This is a problem from K.L. Chung's "A Course in Probability Theory". I have been asked to prove by giving an example that if a sequence of random variables $\{X_n\}$ converges to $0$ in probability then $\frac{S_n}{n}$ may not converge to $0$ in probability (where $\{S_n\}$ denotes the partial sum sequence).
I have started with the sequence (as per the hint given) $\{X_n\}$ such that $X_n$ assumes values $2^n$ and $0$ with probabilities $\frac{1}{n}$ and $1-\frac{1}{n}$ respectively. It is easy to show that this sequence converges to $0$ in probability. However I am not being able to prove that $\frac{S_n}{n}$ doesn't converge to $0$ in probability. Can someone give a hint or a direction to proceed in?

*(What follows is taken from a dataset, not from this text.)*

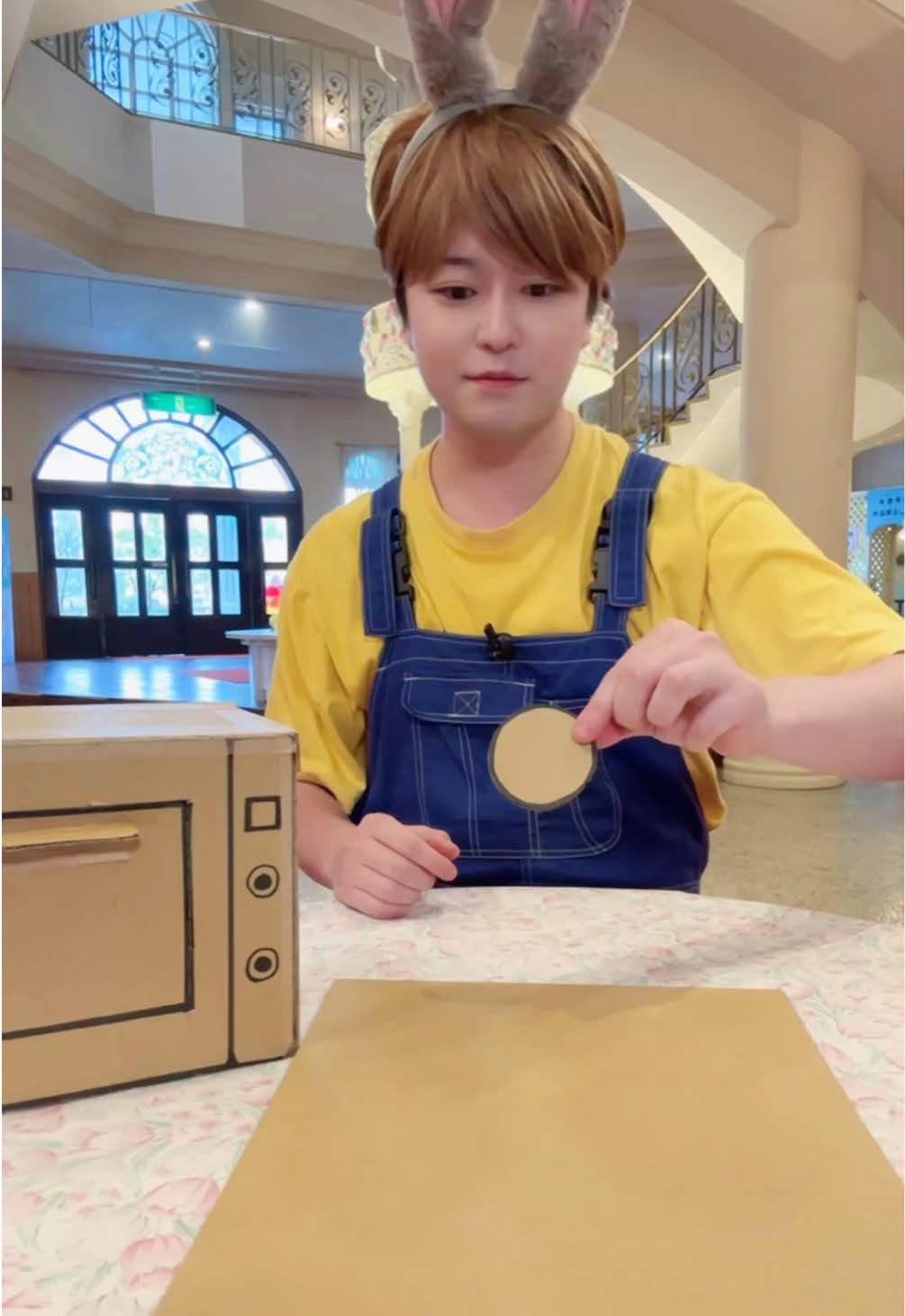Let's make a cardboard croissant！#asmr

We want to show that $\frac{S_n}{n}$ doesn't converge to $0$ in probability. For this, it is enough to show that $\mathcal{P}\{\frac{S_n}{n}\geq 1\}=\mathcal{P}\{S_n\geq n\}>C$ for some positive constant $C$ independent of $n$ (or at least for every $n$ greater than some fixed natural number). For this, we note that if $S_n<n$ holds then $X_i=0$ for each $i>\log_2 n$, because, if $S_n<n$, then the sum cannot consist of terms bigger than $n$. This and the fact that the $X_i$'s are independent random variables, together imply that \begin{equation*} \mathcal{P}\big\{S_n<n\big\}\leq\mathcal{P}\big\{X_i=0:\log_2 n<i\leq n\big\}=\prod\limits_{\lceil\log_2 n\rceil}^n\Bigg(1-\frac{1}{i}\Bigg)=\frac{\lceil\log_2 n\rceil-1}{n}. \end{equation*} The right-hand term converges to $0$ as $n\to\infty$. We can see this by computing the limit $\lim\limits_{x\to\infty}\frac{\log_2 x -1}{x}$. The expression being in $\frac{\infty}{\infty}$ indeterminate form, we can apply l'Hopital's rule to write \begin{align*} \lim\limits_{x\to\infty}\frac{\log_2 x -1}{x}=\lim\limits_{x\to\infty}\frac{1}{x\ln 2}=0 \end{align*} Thus we see that $\mathcal{P}\{S_n<n\}\to 0$ as $n\to\infty$. Thus if we choose $C=0.5$, say, then there exists a natural number $N_0$ such that for all natural numbers $n\geq N_0$, $\mathcal{P}\{S_n<n\}<C$, or in other words $\mathcal{P}\{S_n\geq n\}>1-C=1-0.5=0.5=C$ which is exactly what we wanted to show. Hence $\frac{S_n}{n}$ does not converge to $0$ in probability. Hope that helps.